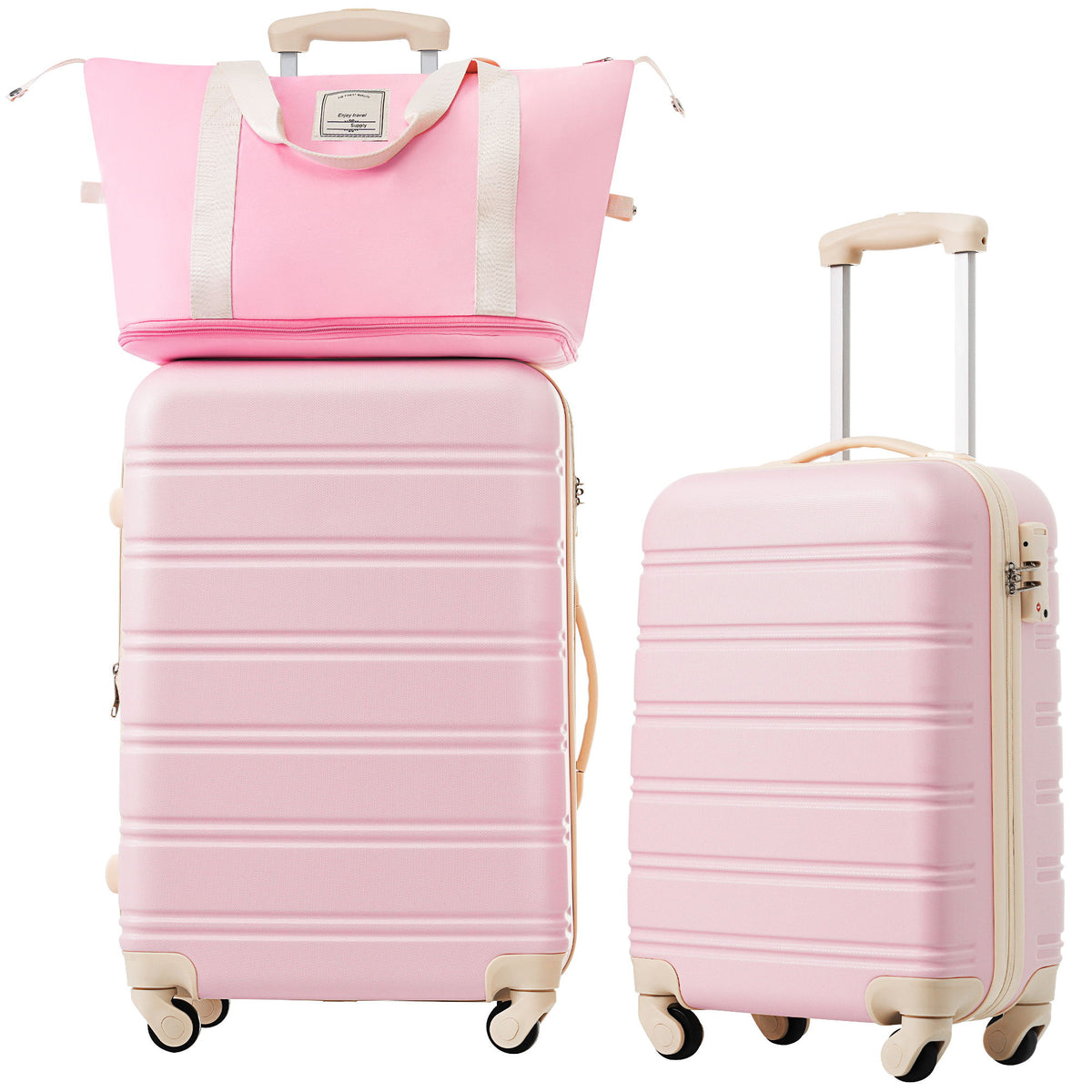 HouseOfZazla hardshell luggage set with spinner wheels and TSA lock in black, white, or pink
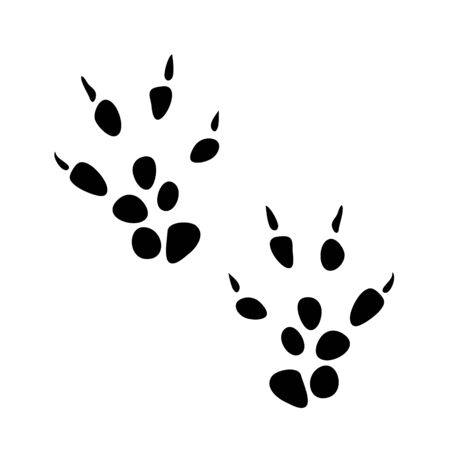 Mouse track icon. Small rat rodent prints. Vector, toy contour such as animal paw. Illustrationのイラスト素材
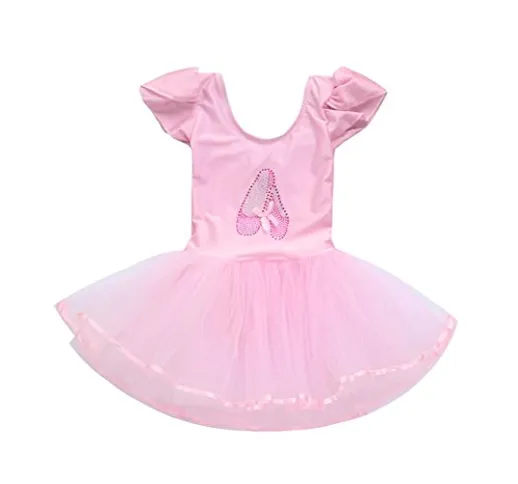 BYSTE Bambini Body Manica Corta Danza Balletto Tutu Pratica Costume Gonna a Soffietto Raga...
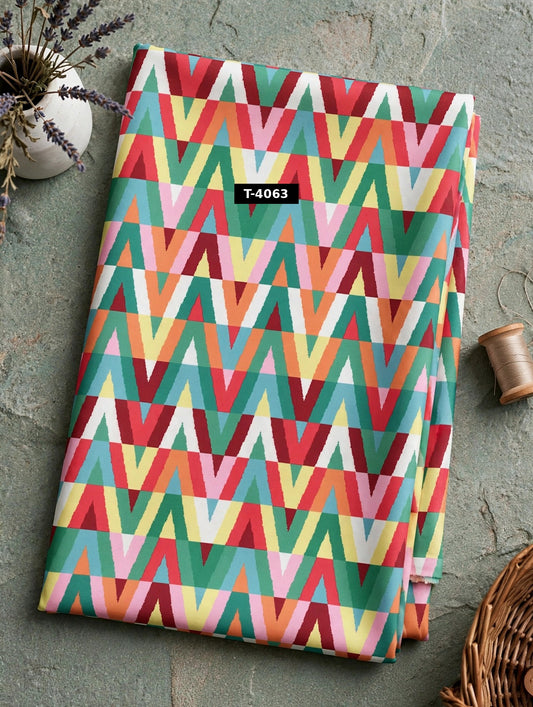 Wholesale T-4063 Multicolor Zigzag Chevron Print On Crepe Fabric - CREPE | The Wardrobe Fabrics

**Aim of the task**
Wherever a picture appears in the data, please drop it and retype the rest exactly.

**Answer space**
 HouseOfZazla hardshell luggage set with spinner wheels and TSA lock in black, white, or pink
 Mouse track icon. Small rat rodent prints. Vector, toy contour such as animal paw. Illustrationのイラスト素材
 BYSTE Bambini Body Manica Corta Danza Balletto Tutu Pratica Costume Gonna a Soffietto Raga...
 Wholesale T-4063 Multicolor Zigzag Chevron Print On Crepe Fabric - CREPE | The Wardrobe Fabrics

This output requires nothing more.